Scoping is security too
For AIOps on critical infrastructure, it is always worth reviewing specialties, operational rules, and task histories regularly. Two hours spent tightening a specialty can save 50 hours of post-hoc cleanup the next time that ticket type recurs.Three knobs to scope with
| Knob | What it controls | When to tune |
|---|---|---|
| Specialty | How the agent thinks about a domain | Whenever the agent enters a new tech vertical |
| Operational Rules | Hard constraints + procedures specific to your env | When you discover a “we always do it this way” pattern |
| Gateway prompt | Which agent gets which ticket, and how tasks sequence | When tickets cross multiple hosts or need a fixed flow |
Worked patterns
Many disk-full tickets
- Specialty: Disk Manager (Linux) — knows about logrotate, compress, mount points, when extension is safe vs not.

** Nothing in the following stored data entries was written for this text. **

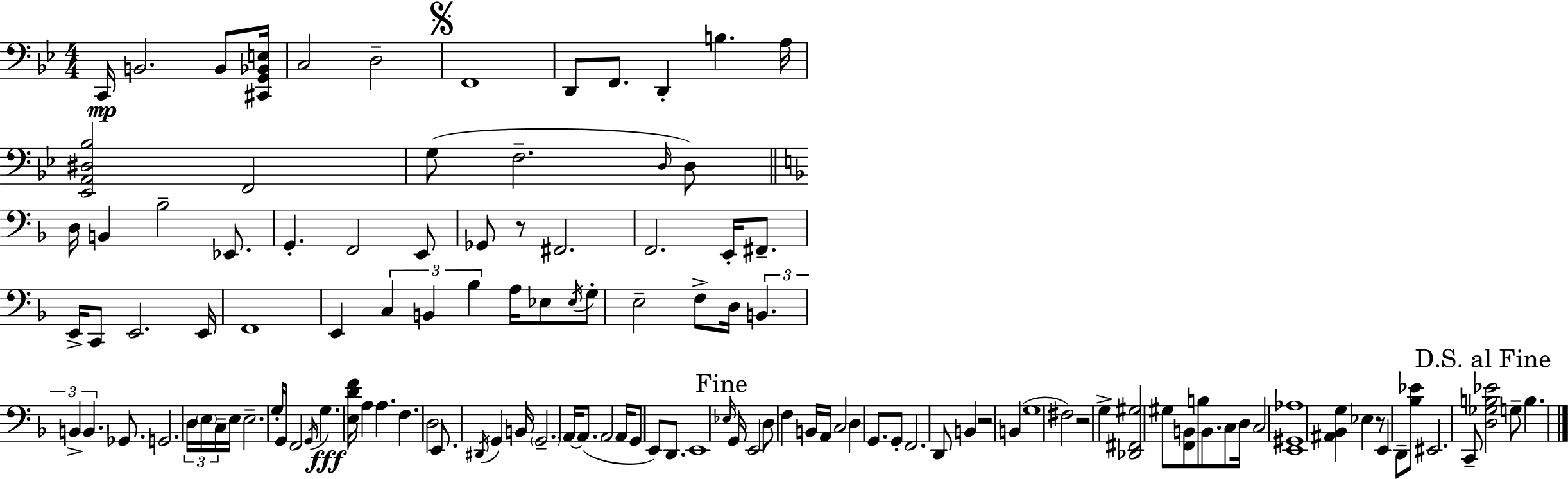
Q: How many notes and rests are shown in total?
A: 120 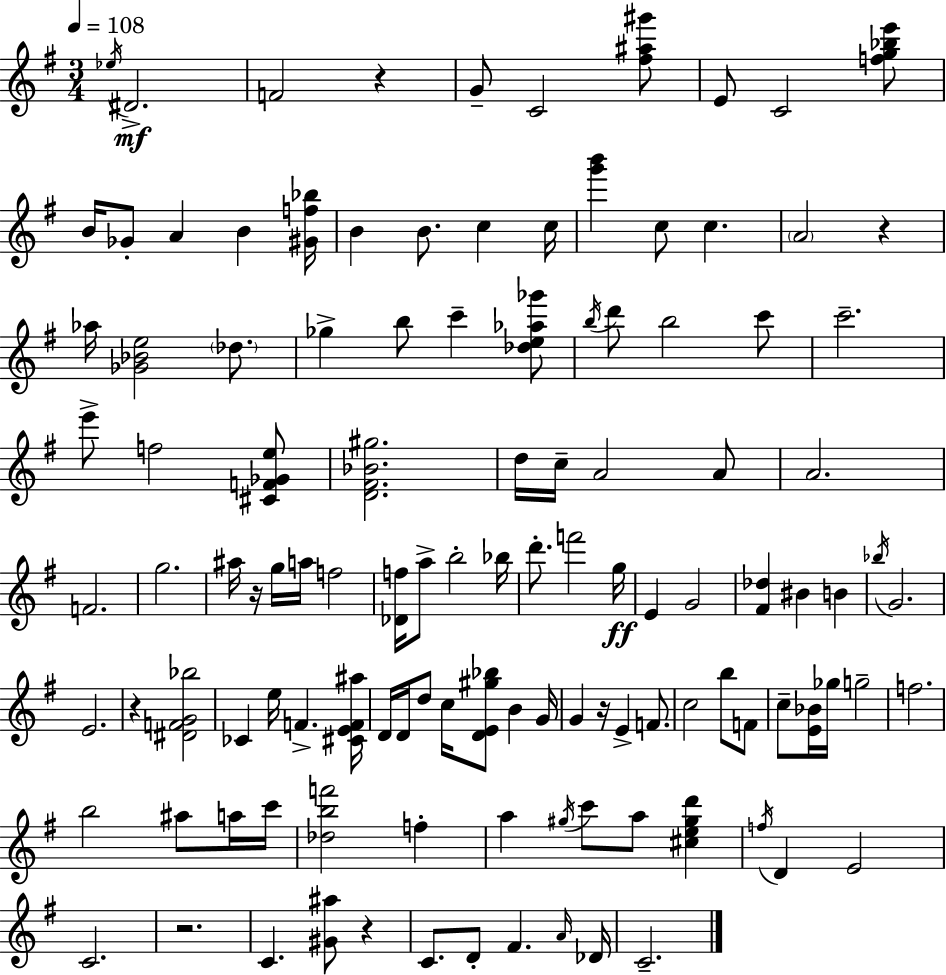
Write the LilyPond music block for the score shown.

{
  \clef treble
  \numericTimeSignature
  \time 3/4
  \key g \major
  \tempo 4 = 108
  \repeat volta 2 { \acciaccatura { ees''16 }\mf dis'2.-> | f'2 r4 | g'8-- c'2 <fis'' ais'' gis'''>8 | e'8 c'2 <f'' g'' bes'' e'''>8 | \break b'16 ges'8-. a'4 b'4 | <gis' f'' bes''>16 b'4 b'8. c''4 | c''16 <g''' b'''>4 c''8 c''4. | \parenthesize a'2 r4 | \break aes''16 <ges' bes' e''>2 \parenthesize des''8. | ges''4-> b''8 c'''4-- <des'' e'' aes'' ges'''>8 | \acciaccatura { b''16 } d'''8 b''2 | c'''8 c'''2.-- | \break e'''8-> f''2 | <cis' f' ges' e''>8 <d' fis' bes' gis''>2. | d''16 c''16-- a'2 | a'8 a'2. | \break f'2. | g''2. | ais''16 r16 g''16 a''16 f''2 | <des' f''>16 a''8-> b''2-. | \break bes''16 d'''8.-. f'''2 | g''16\ff e'4 g'2 | <fis' des''>4 bis'4 b'4 | \acciaccatura { bes''16 } g'2. | \break e'2. | r4 <dis' f' g' bes''>2 | ces'4 e''16 f'4.-> | <cis' e' f' ais''>16 d'16 d'16 d''8 c''16 <d' e' gis'' bes''>8 b'4 | \break g'16 g'4 r16 e'4-> | f'8. c''2 b''8 | f'8 c''8-- <e' bes'>16 ges''16 g''2-- | f''2. | \break b''2 ais''8 | a''16 c'''16 <des'' b'' f'''>2 f''4-. | a''4 \acciaccatura { gis''16 } c'''8 a''8 | <cis'' e'' gis'' d'''>4 \acciaccatura { f''16 } d'4 e'2 | \break c'2. | r2. | c'4. <gis' ais''>8 | r4 c'8. d'8-. fis'4. | \break \grace { a'16 } des'16 c'2.-- | } \bar "|."
}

- Specialty: Disk Manager (Windows) — separate from Linux to keep command syntax sharp.
- Operational Rule — log rotation policy + maximum disk extension allowed in your env.
Reverse proxy changes (HAProxy, nginx, Traefik)
- Specialty: Reverse Proxy — covers redirections, SSL, ACLs for technologies with similar config syntax.
- As scope grows complex, split:
- Specialty: SSL Certificate Manager
- Specialty: ACL & Routing Manager
Anti-patterns
- One specialty per ticket type. Too narrow. Specialties should cover a technology or domain, not a single task.
- One specialty for everything in a cloud. Too broad. Split by service family (storage, compute, networking, identity).
- Putting environment specifics in a specialty. That’s what Operational Rules are for.